Aim of the exercise: What are the lines below, starting at the line containing "an aerial view" and ending at the line containing "包背着大背包的美女举着地图指着相机指向大地图"? Write them out exactly, ends included, without pictures.

Task input:
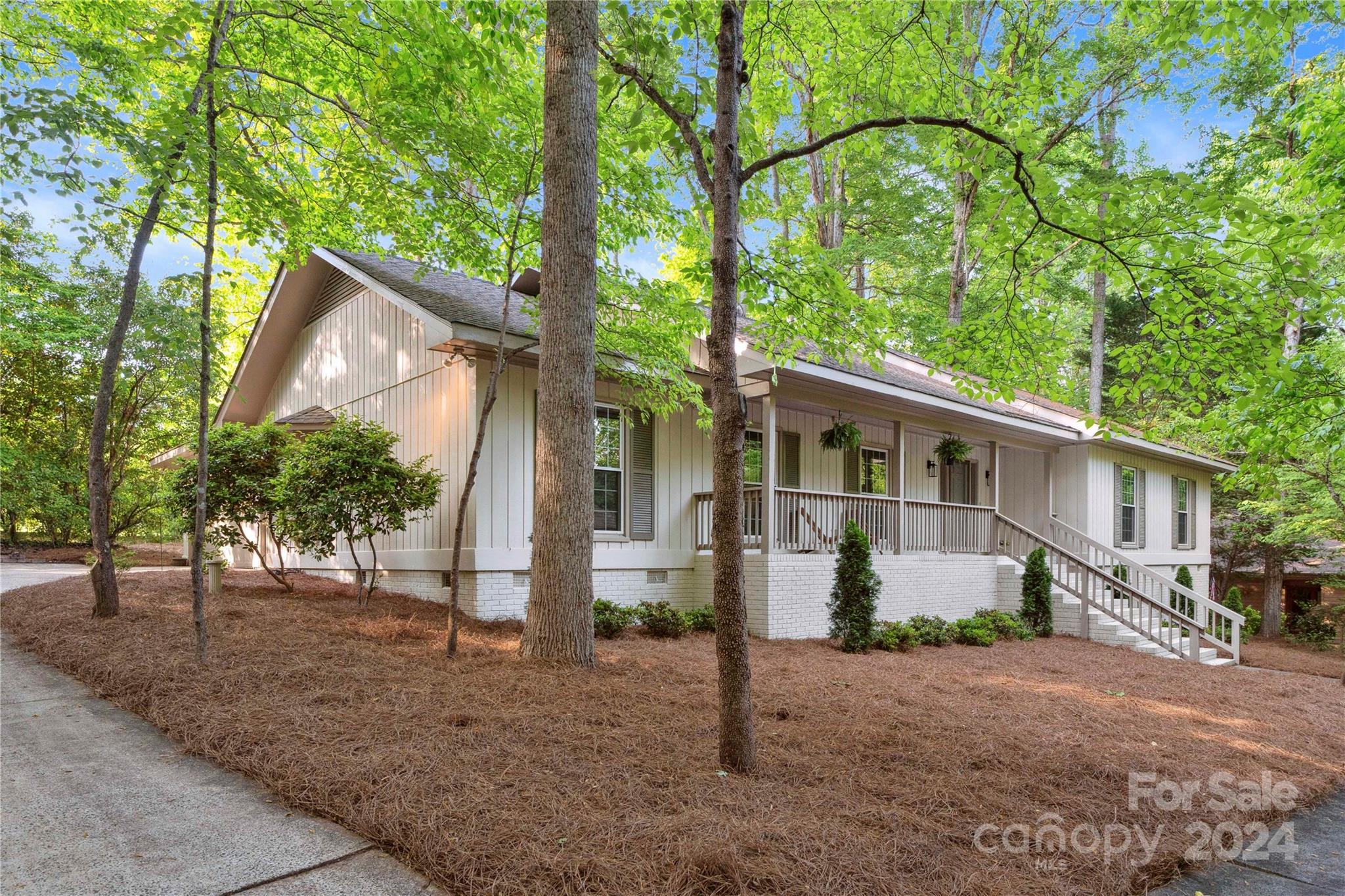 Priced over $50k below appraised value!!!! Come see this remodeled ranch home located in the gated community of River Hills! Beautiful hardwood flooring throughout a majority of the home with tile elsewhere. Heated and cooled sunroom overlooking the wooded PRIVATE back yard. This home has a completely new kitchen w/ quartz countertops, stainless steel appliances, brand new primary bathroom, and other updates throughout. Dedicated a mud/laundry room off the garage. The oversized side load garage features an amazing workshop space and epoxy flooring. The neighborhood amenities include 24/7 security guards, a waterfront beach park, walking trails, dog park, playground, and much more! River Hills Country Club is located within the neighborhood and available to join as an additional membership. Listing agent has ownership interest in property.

...

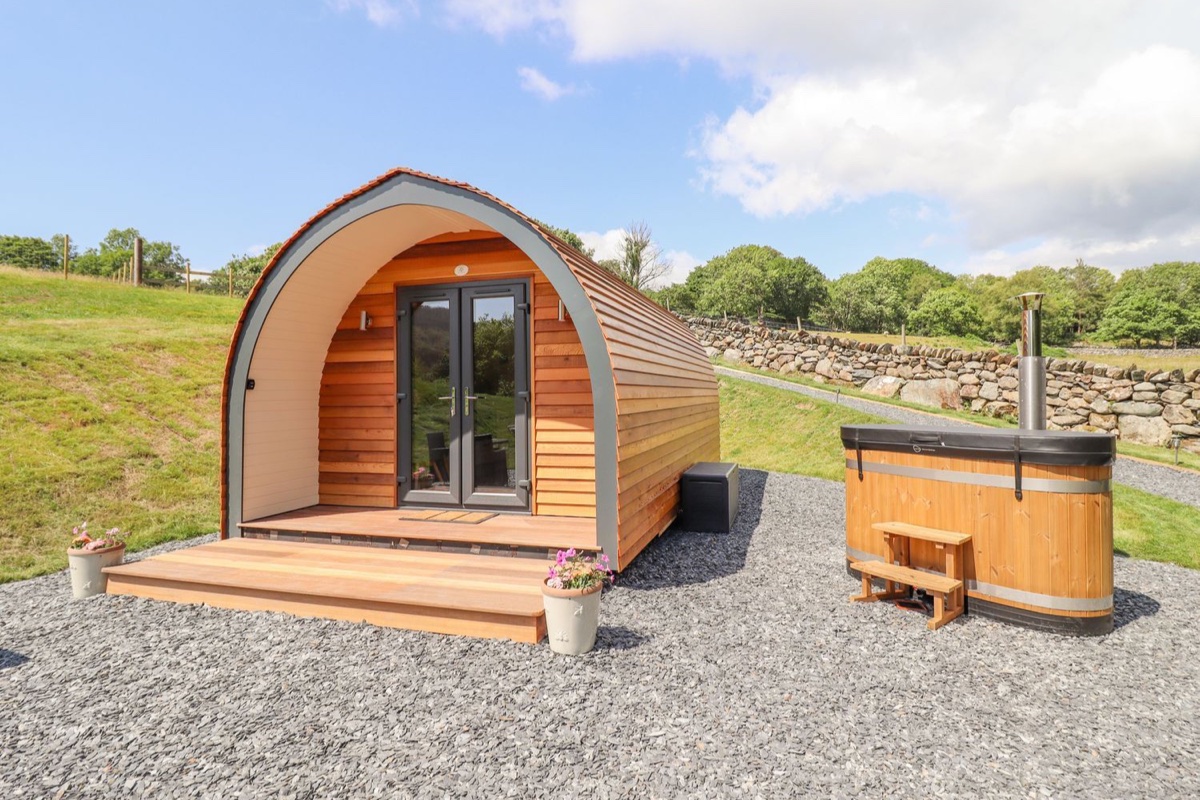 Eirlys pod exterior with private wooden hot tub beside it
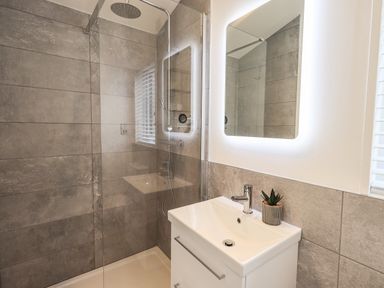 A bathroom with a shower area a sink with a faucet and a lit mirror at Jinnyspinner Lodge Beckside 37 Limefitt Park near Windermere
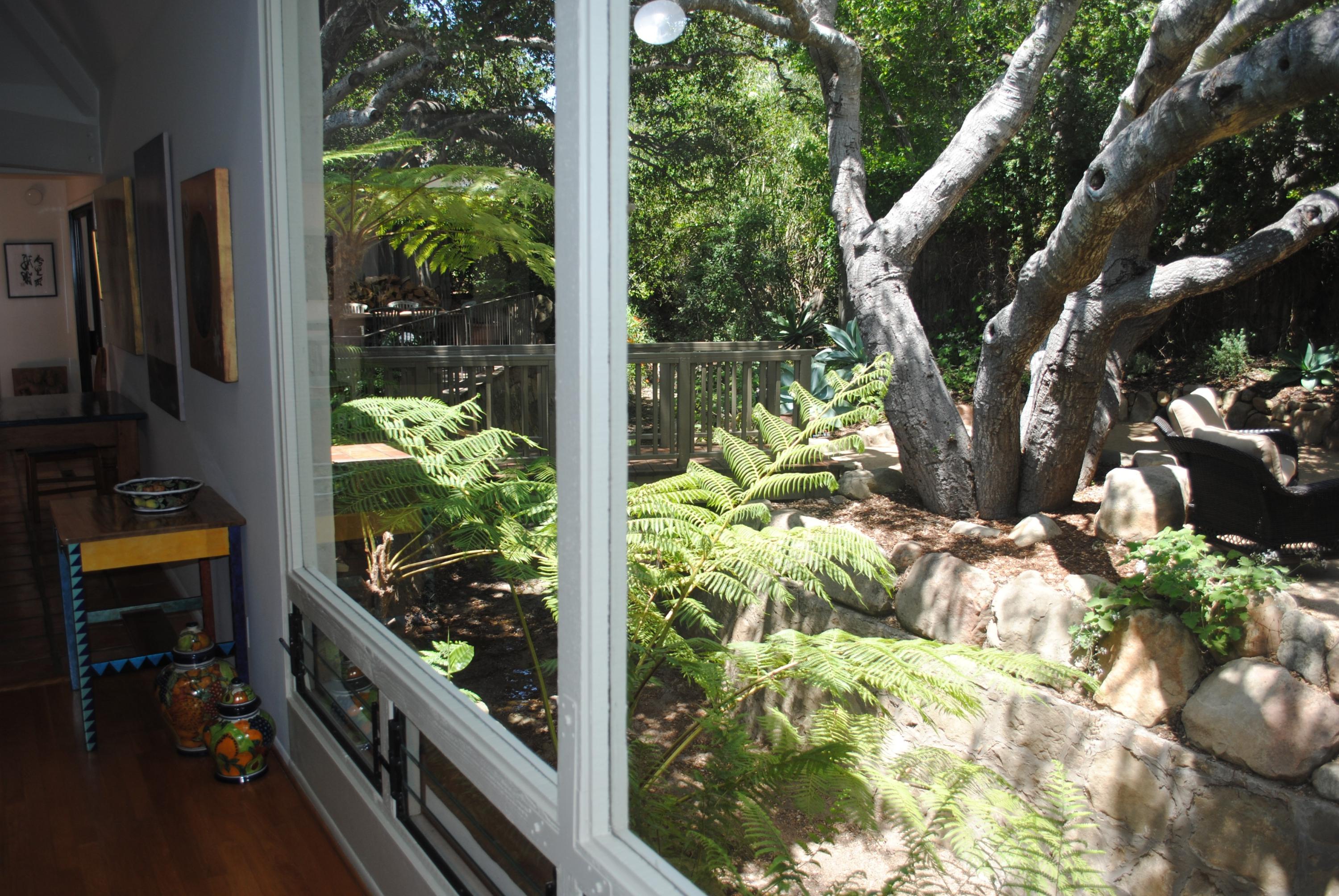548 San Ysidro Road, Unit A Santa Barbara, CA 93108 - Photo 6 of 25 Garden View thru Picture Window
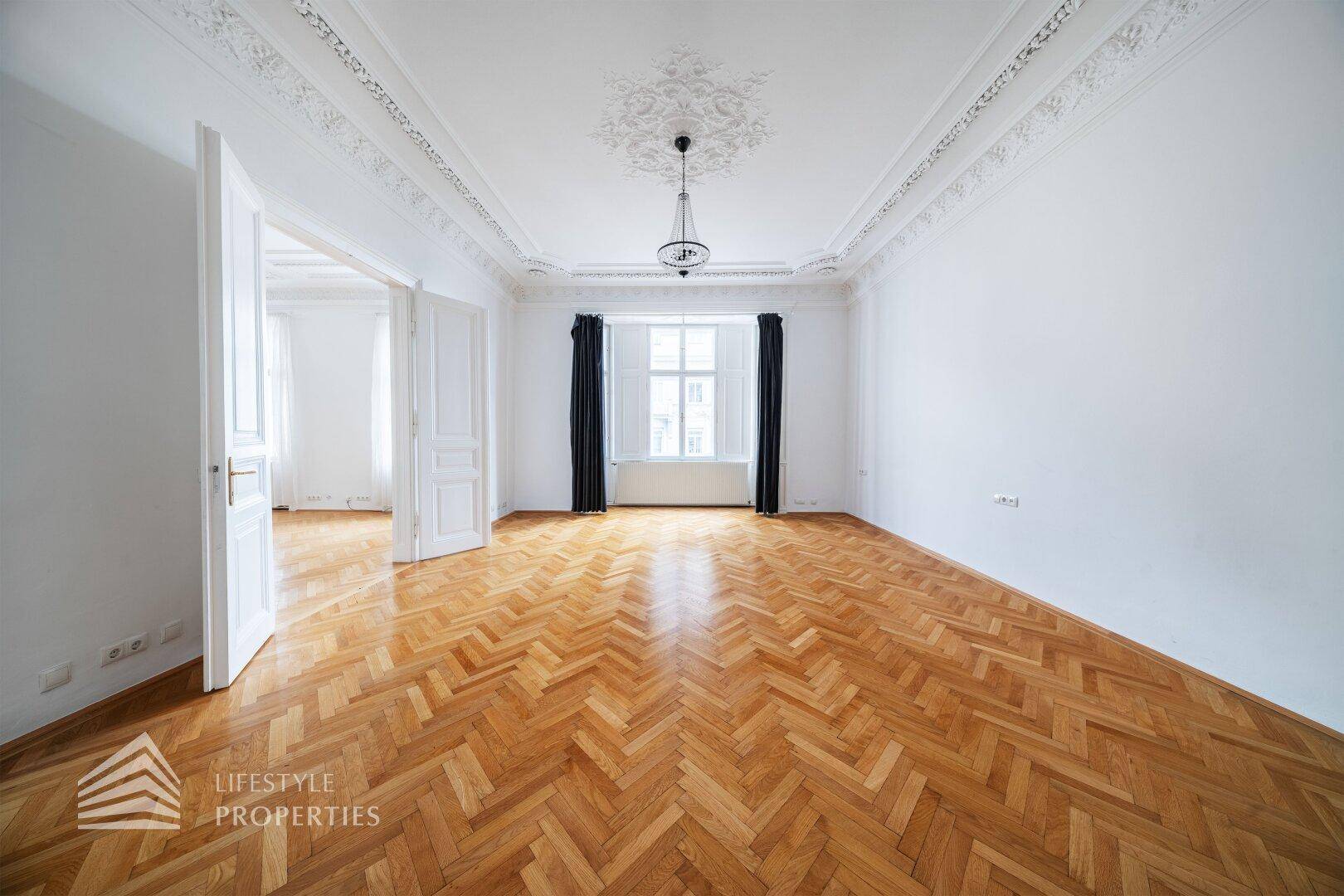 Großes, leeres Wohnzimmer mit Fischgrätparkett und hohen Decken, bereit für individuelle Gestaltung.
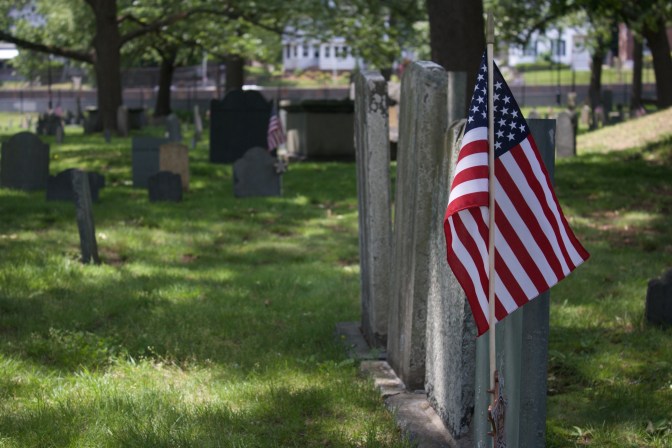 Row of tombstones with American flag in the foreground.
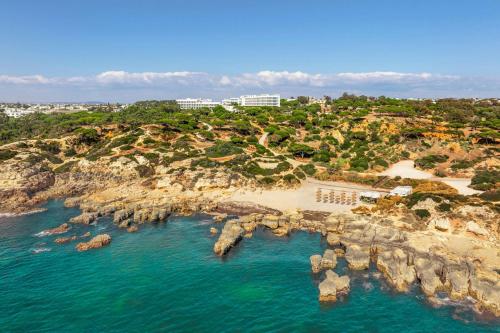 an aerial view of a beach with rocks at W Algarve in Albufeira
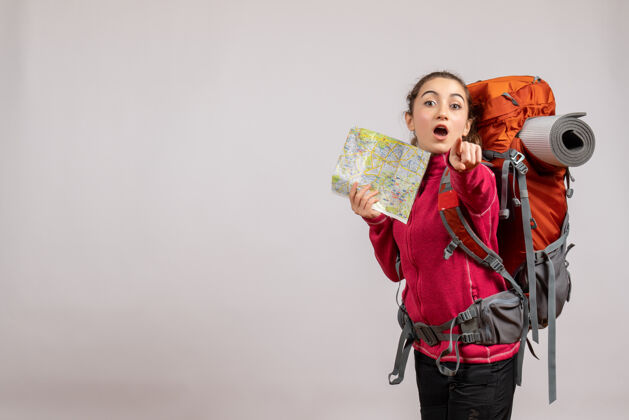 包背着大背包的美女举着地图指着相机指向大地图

* * *

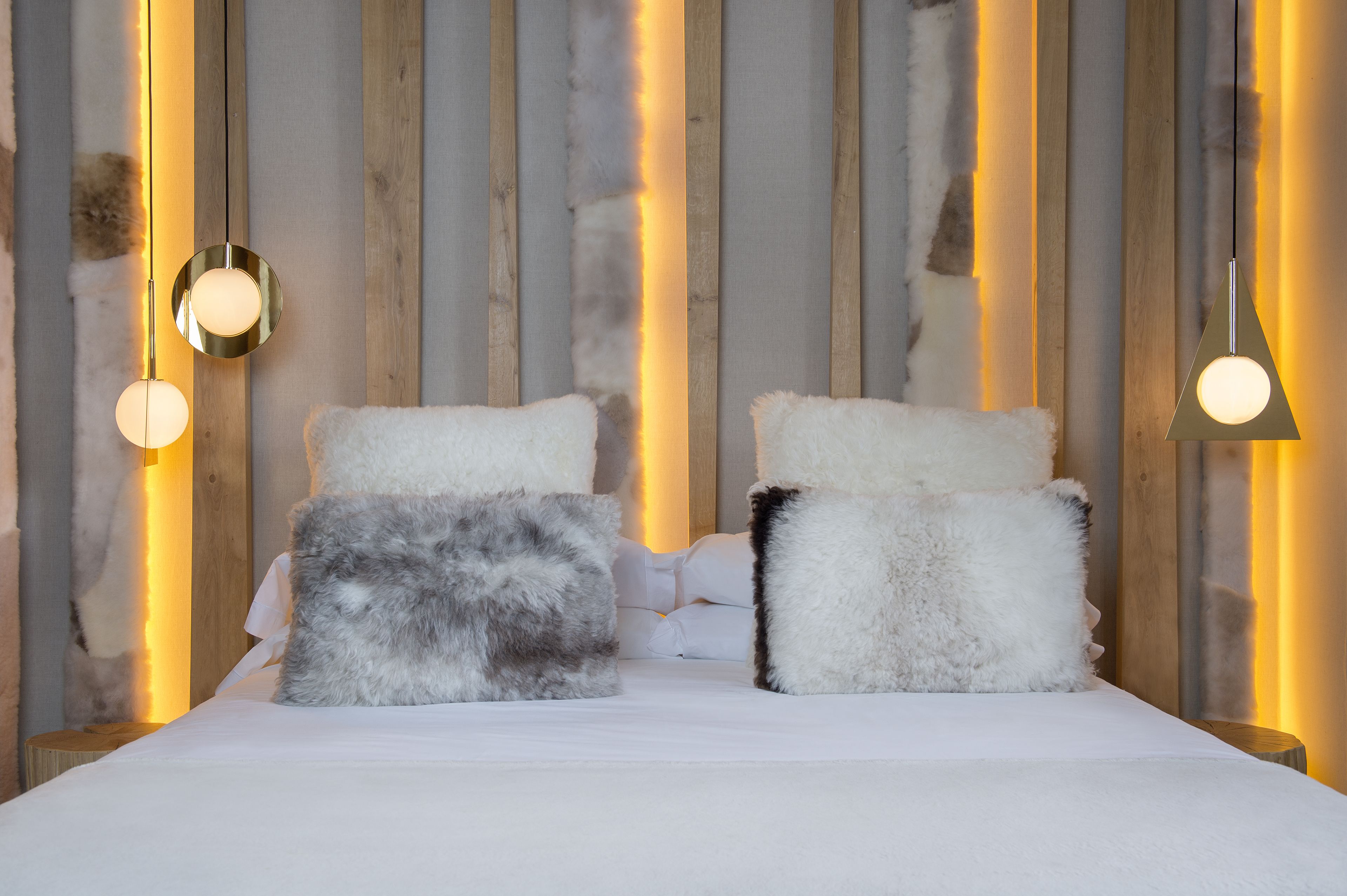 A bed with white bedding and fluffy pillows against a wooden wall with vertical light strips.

Task answer:
 an aerial view of a beach with rocks at W Algarve in Albufeira
 包背着大背包的美女举着地图指着相机指向大地图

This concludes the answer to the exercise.